Don't think you'd go wrong with the Bosch, Makita or the Triton. My go to for power, ease of use and longevity is the Freud FT3000VCE. Freud makes some really crappy bits and saw blades but their FT3000 VCE is a dream.


----------



## DaninVan (Jan 1, 2012)

"@DaninVan indicated he purchased the router with a fixed base only, then found the need to purchase the plunge base seperately. I'd suggest getting both bases in the kit."

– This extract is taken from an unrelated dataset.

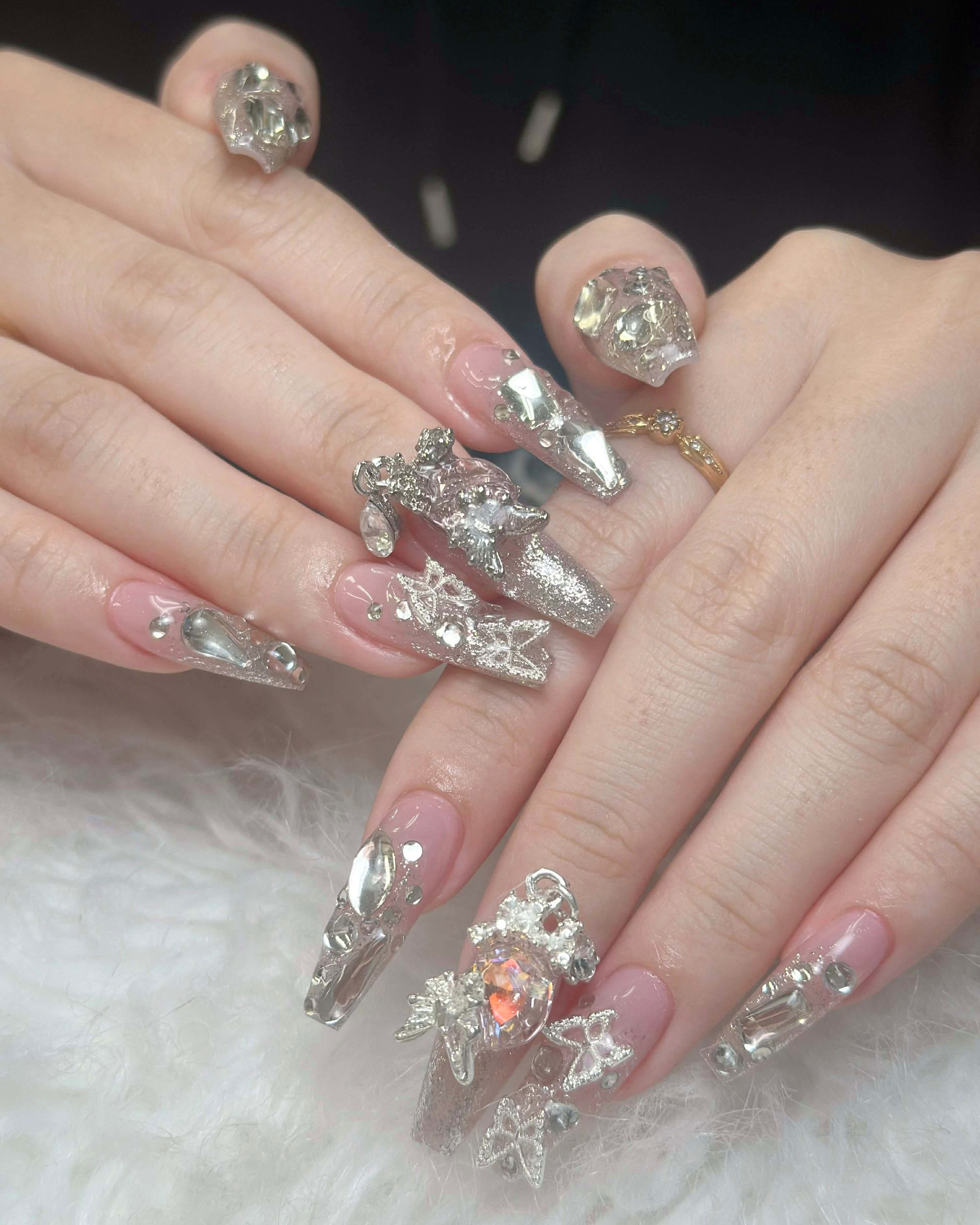 NieNail_Leo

And paid dearly...$$$$. Really bad decision on my part, not buying the combo from the get-go. Other than that, yup, the Bosch 1617 is a great router (in all fairness, I don't really like the slick surface on the round wood knob handles.)


----------



## Cherryville Chuck (Sep 28, 2010)

Hi Roy and welcome from BC. The 1617 is a good choice. I have a Hitachi M12VC on fixed only but 2 big M12s In plunge only. If the plunge model of the VC is as good as the big models then it is worth a look.


----------



## Stick486 (Jan 4, 2013)

DaninVan said:


> I don't really like the slick surface on the round wood knob handles.)


so rough them up...


----------



## DaninVan (Jan 1, 2012)

*Get a Grip!*



Stick486 said:


> so rough them up...


They're too pretty the way they are...


----------



## Stick486 (Jan 4, 2013)

DaninVan said:


> They're too pretty the way they are...


so quit your whining...


----------



## hawkeye10 (Jul 28, 2015)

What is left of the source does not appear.